Une attaque sans précédent contre nos droits fondamentaux

Le 25 novembre prochain, la population suisse est appelée à voter sur l’initiative de l’UDC dite « Le droit suisse au lieu de juges étrangers (initiative pour l’autodétermination) ». Cette initiative représente un véritable danger pour notre pays, mais aussi pour les autres pays européens, car elle essaie de nous tromper sur sa portée dévastatrice. Le point ci-dessous sur quelques affirmations mensongères des initiants.

Une initiative anti-droits humains

Qu’on ne s’y trompe pas : l’initiative ne mentionne pas les droits de l’homme, mais elle vise clairement à obtenir le retrait de la Suisse de la Convention européenne des droits de l’homme. Le journal tous-ménages distribué par l’UDC en mars 2015, lors du lancement de l’initiative, évoquait d’ailleurs les « arrêts choquants de la cour européenne des droits de l’homme ».
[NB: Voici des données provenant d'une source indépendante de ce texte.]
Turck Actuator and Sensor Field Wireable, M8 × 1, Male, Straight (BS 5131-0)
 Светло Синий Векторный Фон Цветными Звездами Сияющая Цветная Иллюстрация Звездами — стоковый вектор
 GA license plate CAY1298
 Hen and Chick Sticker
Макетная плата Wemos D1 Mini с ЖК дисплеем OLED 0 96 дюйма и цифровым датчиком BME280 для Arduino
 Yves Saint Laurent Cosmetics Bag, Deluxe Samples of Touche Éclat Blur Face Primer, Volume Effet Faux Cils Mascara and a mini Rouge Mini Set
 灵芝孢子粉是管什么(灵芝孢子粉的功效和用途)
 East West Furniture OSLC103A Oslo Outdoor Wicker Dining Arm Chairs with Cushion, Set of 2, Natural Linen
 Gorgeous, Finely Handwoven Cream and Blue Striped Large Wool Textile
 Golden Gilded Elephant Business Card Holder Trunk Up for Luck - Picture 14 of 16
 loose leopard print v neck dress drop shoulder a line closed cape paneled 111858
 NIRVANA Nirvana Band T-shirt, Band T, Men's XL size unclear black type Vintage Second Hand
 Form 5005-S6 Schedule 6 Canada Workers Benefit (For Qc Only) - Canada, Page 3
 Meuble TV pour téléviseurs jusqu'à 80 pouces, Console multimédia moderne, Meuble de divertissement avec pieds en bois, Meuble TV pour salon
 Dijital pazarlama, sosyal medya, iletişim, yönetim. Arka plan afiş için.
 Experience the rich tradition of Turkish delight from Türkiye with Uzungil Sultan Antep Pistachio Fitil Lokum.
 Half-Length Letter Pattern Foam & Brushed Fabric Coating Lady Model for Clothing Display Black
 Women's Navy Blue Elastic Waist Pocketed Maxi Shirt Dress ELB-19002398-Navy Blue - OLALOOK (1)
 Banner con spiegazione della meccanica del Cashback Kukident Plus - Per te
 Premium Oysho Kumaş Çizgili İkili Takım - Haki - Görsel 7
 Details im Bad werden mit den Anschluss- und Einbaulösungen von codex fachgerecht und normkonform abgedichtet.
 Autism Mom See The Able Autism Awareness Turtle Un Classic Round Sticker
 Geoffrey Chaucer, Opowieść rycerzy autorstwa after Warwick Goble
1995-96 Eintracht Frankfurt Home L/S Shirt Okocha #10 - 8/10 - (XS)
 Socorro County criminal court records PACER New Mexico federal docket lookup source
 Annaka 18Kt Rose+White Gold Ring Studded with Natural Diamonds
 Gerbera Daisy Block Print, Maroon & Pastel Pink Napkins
On peut ne pas être d’accord avec toutes les décisions prises par un tribunal, par exemple par le Tribunal fédéral. Faut-il pour autant proposer de supprimer ce tribunal si ses décisions ne nous plaisent pas ?

Pour rappel, la Convention européenne des droits de l’homme protège les droits fondamentaux de toutes les habitantes et de tous les habitants du continent européen, du Portugal à la Russie. Les droits énoncés dans cette convention sont garantis par l’existence d’une cour, la Cour européenne des droits de l’homme, basée à Strasbourg. Chaque État membre du Conseil de l’Europe envoie un juge à cette cour.

La Cour européenne est une cour unique au monde, devant laquelle chaque habitant d’un pays membre du Conseil de l’Europe peut recourir s’il s’estime victime d’une décision arbitraire. Les arrêts rendus par la cour de Strasbourg ont fait progresser le respect des droits humains en Europe, et même dans notre pays où ces droits ont largement inspiré la rédaction de notre nouvelle Constitution.

Des juges « étrangers » ou « internationaux » ?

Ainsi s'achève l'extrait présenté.